Возможно, данные высказывания вполне обоснованы: врачи, как правило, являются компетентными специалистами, и мои собственные наблюдения частично совпадают с «отмытым» анамнезом. Странным казалось то, что лишь один из врачей искал ключ к вратам души Лео в его поэтических произведениях. Это явно указывает на отсутствие творческого подхода в работе как общего порока в подходе к душевнобольным. Лично я рассматриваю стихи Лео как очевидную, чтобы не сказать основную часть истории его болезни.

Но, несомненно, важнейшим и решающим обстоятельством является сокрытие некоторых фактов, совершенное каким-то медицинским начальником, за действиями которого скрывалась бесплотная Власть.
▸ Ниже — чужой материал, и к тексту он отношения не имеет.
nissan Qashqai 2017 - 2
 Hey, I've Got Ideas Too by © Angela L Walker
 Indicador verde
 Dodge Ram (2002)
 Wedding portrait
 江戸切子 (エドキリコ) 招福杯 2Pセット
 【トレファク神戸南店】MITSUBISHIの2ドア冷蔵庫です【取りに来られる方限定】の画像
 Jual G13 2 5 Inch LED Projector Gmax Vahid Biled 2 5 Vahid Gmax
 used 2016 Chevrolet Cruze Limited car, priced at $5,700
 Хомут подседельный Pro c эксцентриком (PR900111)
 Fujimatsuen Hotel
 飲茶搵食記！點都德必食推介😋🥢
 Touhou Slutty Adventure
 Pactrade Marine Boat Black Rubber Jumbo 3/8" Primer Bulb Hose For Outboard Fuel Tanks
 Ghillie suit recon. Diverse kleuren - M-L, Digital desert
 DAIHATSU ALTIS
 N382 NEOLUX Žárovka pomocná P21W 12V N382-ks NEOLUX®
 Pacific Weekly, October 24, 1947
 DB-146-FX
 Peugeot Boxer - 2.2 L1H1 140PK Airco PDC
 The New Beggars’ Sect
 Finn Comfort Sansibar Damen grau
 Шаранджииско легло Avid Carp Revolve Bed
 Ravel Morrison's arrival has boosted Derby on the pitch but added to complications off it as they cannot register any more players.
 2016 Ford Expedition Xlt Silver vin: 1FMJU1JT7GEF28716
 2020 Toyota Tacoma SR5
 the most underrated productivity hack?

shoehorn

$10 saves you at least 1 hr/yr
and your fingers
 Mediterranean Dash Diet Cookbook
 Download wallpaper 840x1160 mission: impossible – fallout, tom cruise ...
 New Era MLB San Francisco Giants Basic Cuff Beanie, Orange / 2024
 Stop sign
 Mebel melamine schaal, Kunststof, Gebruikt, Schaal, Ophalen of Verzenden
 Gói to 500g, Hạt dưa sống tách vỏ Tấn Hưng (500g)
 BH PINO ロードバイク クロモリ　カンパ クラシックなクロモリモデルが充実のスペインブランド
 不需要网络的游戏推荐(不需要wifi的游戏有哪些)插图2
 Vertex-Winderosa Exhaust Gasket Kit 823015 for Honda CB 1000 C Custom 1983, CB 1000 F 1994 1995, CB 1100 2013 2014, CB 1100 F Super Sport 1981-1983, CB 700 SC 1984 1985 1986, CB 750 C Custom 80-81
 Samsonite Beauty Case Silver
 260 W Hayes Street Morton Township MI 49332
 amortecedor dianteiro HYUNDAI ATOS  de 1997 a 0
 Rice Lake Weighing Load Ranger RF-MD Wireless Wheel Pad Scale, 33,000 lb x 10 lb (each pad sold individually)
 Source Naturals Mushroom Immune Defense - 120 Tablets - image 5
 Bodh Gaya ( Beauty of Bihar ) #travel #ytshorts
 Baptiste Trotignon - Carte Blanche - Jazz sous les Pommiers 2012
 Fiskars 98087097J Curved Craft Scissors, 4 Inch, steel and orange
Случай Лео Моргана был лишь небольшим эпизодом в разветвленной и для такого новичка, как я, необозримой истории, которая среди посвященных носила имя «дело Хогарта». История нашей страны в двадцатом веке включает в себя ряд так называемых «дел», в рамках которых вскрывали и выносили на всеобщее обсуждение — по крайней мере, в приличествующей степени, — роялистские махинации или военный шпионаж, чтобы затем спрятать среди документов с пометкой «Скандалы». Подобные «дела», или скандалы, периодически возникают во всех цивилизованных и в то же время коррумпированных странах. Это неизбежно и даже желательно, и когда все заканчивается — то есть когда козлы отпущения оказываются у позорного столба, а то и за решеткой, — самые ярые защитники справедливости и демократии принимаются бить себя в грудь и прославлять самих себя и замечательную самоочищающуюся систему. Все это — неотъемлемая часть скандала: рука руку моет — нередко под звуки национального гимна.

«Дело Хогарта» отличается от остальных именно тем, что оно до сих пор не вынесено на обсуждение, что его раз за разом заминали, скрывали ценой — если верить приблизительным данным, которые мне сообщили, — трех человеческих жизней, нескольких миллионов шведских крон в виде взяток и по меньшей мере одного помешательства. Здесь речь идет как раз о Лео Моргане, пусть он и оставался на периферии событий.